But when he "tear out the house like the dogs wuz atter him," then they point straight back. He was made to be eaten, and he knows it. So it is with the whole tribe of deer, and even with the horse, pampered and cared for and unacquainted with danger; his ears are a weathercock registering the drift of all his petty hopes and fears. I see the left ear go forward and prepare for a desperate shy at that wheelbarrow. He knows a wheelbarrow familiarly—there is one in his stall all day—but I am taking him a road he does not want to go, and so the hypocrite is going to pretend that barrow is of a dangerous sort.
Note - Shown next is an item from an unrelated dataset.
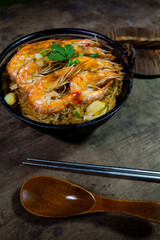 Casseroled prawns with vermicelli in clay pot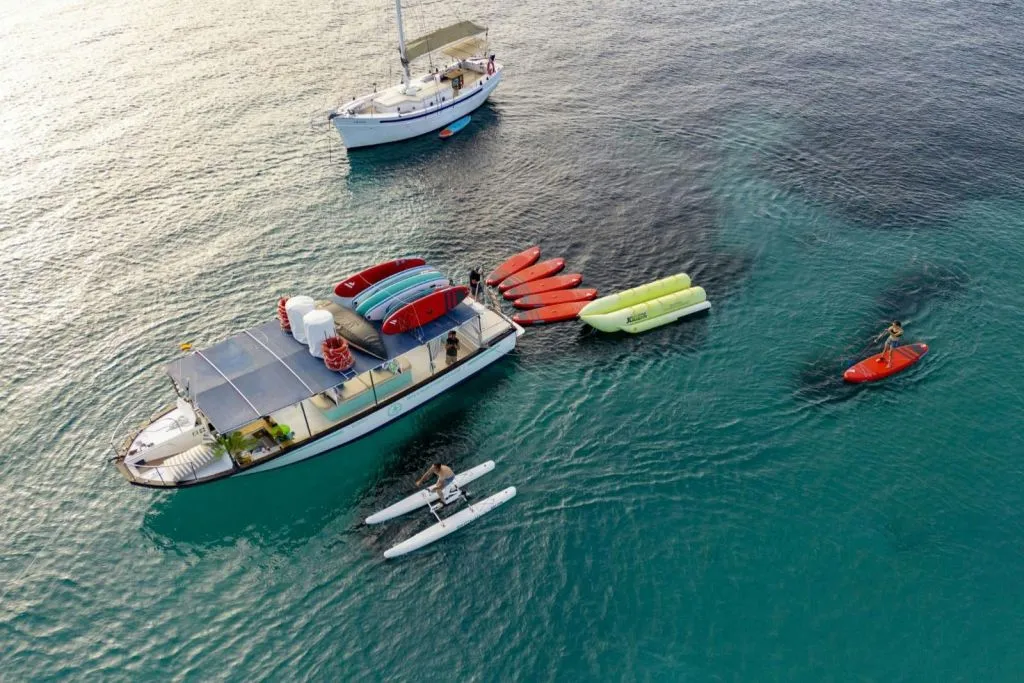 Ibiza: Excursión en barco al mediodía Cala Bassa, Cala Comte y Cuevas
I prepare to apply a counter-irritant: he sees it with the corner of his eye, and both ears turn back like a tuning-fork.
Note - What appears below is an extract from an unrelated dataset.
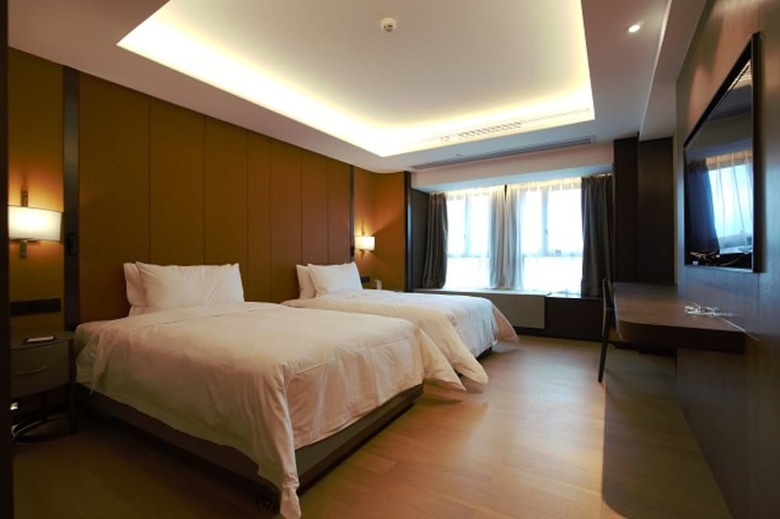 Chongqing Kuanrong Luxry Suit Hotel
The size and quality of the ear serve to show how far the owner depends on it. You will never begin to understand Nature until you see clearly that every life is dominated by two supreme anxieties which push aside all other concerns—viz., to eat, and not to be eaten. The one is uppermost in those that pursue, and the other in those that flee. Now if the pursuer fails he loses a dinner, but if the fugitive fails he loses his life, from which it follows that the very best sort of ears will be found among those beasts that do not ravage but run.
But there is another matter to be taken into account. The ears are not the whole of the beast's outfit. It has eyes, and it has a nose. Which of the three it most relies on depends upon the manner of its life. A bird lives in trees or the air, looking down at the prowling cat or up at the hawk hovering in the clear sky; so it does not keep ears, and its nose is of no account. But what four-footed thing can see like a bird? The squirrel also lives in the trees, and its ears are frivolously decorated with tufts of hair. You will not find many beasts that can afford to prostitute their ears to ornamental purposes. The only other beast that I can think of at this moment which has tufted ears is the lynx. Now the lynx is a tree cat, and there is proverbial wisdom in the saying "Eyes like a lynx."
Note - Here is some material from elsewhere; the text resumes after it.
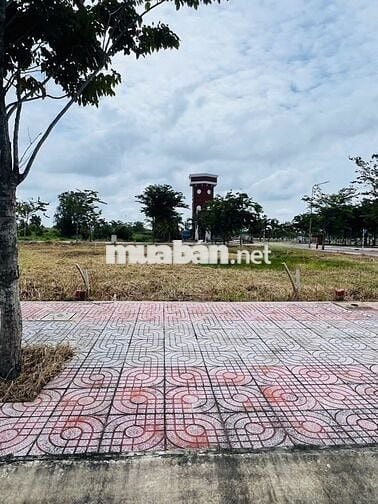 GẤP! Nền full thổ hạ 830Tr đường ĐT824 giáp Hựu Thạnh, Đức Hòa,Long An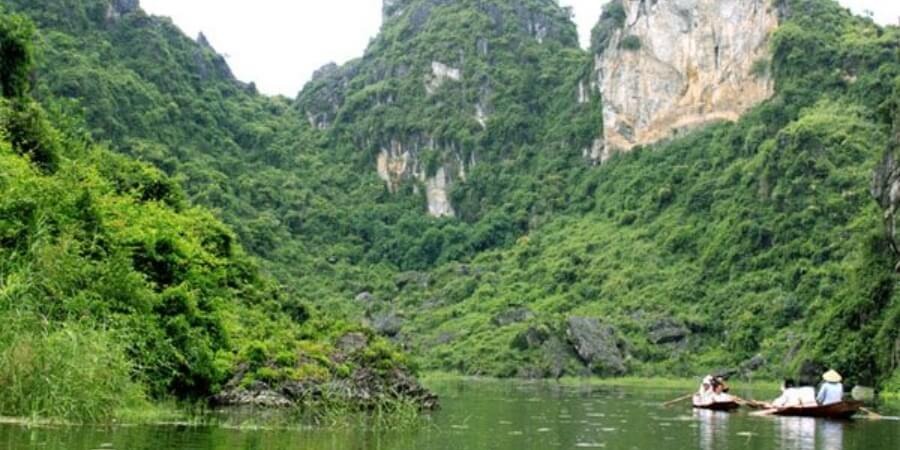 Kinh nghiệm đi hồ Quan Sơn đi thời điểm đẹp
But go to the timid beasts that spend their lives on the ground among grass and brushwood and woods and coppices, where murderous foes are prowling unseen, and you will see ears indeed—expansive, tremulous, turning lightly on well-oiled pivots, and catching, like large sea-shells, the mingled murmur of rustling leaves and snapping twigs and chirping insects and falling seeds, and the slight, occasional, abrupt, fateful sound which is none of these. It is impossible, no doubt, for us ever to think ourselves into the life which these beasts live—moving, thinking and sleeping in a circumambient atmosphere of never-ceasing sound; sitting, as it were, at the receiving station of a system of wireless telegraphy, and catching cross-currents of floating intelligence from all quarters, mostly undiscernible by us if we listened for it, but which they, by long practice, instantly locate and interpret without conscious effort.
The zoologist classifies them under many heads. The field mouse and rabbits are rodentia, the deer ungulata, the kangaroos marsupialia. In my museum they are all one family, and their labels are their ears. In these days of international conferences, parliaments of religion, pan-everything-in-turn councils, might we not arrange for a great catholic congress of distinguished ears? What a glow of new life it would shed upon our straitened, traditional ways of thinking about the social problems of our humble fellow-creatures! I would exclude the eared owls, whose ears are a mere sport of fashion, like the hideous imitations of birds' wings which ladies stick on their hats.
But just when this peep into the rare show of Nature is lifting my soul into sublimity, I am brought down to the base earth again by an exception. This is the plague of all high science. You design a stately theory, collect from many quarters a wealth of facts to establish it with, and have arranged them with cumulative and irresistible force, when some disgusting, uninvited case thrusts itself in on your notice and refuses to fit into your argument at all. In this instance it is "my lord the elephant." That he has no need to concern himself about any bloodthirsty beast that may be lurking in the jungle is not more obvious than that his ears are the biggest in the world. Now there are two ways of getting rid of an obstruction of this kind. One is to betake yourself to your thinking chair and pipe and to rake up the possibilities of the Pleiocene and Meiocene ages, and prove that when the immense ear of the elephant was evolved there must have been some carnivorous monster, some sabre-toothed tiger or cave bear, which preyed on elephants.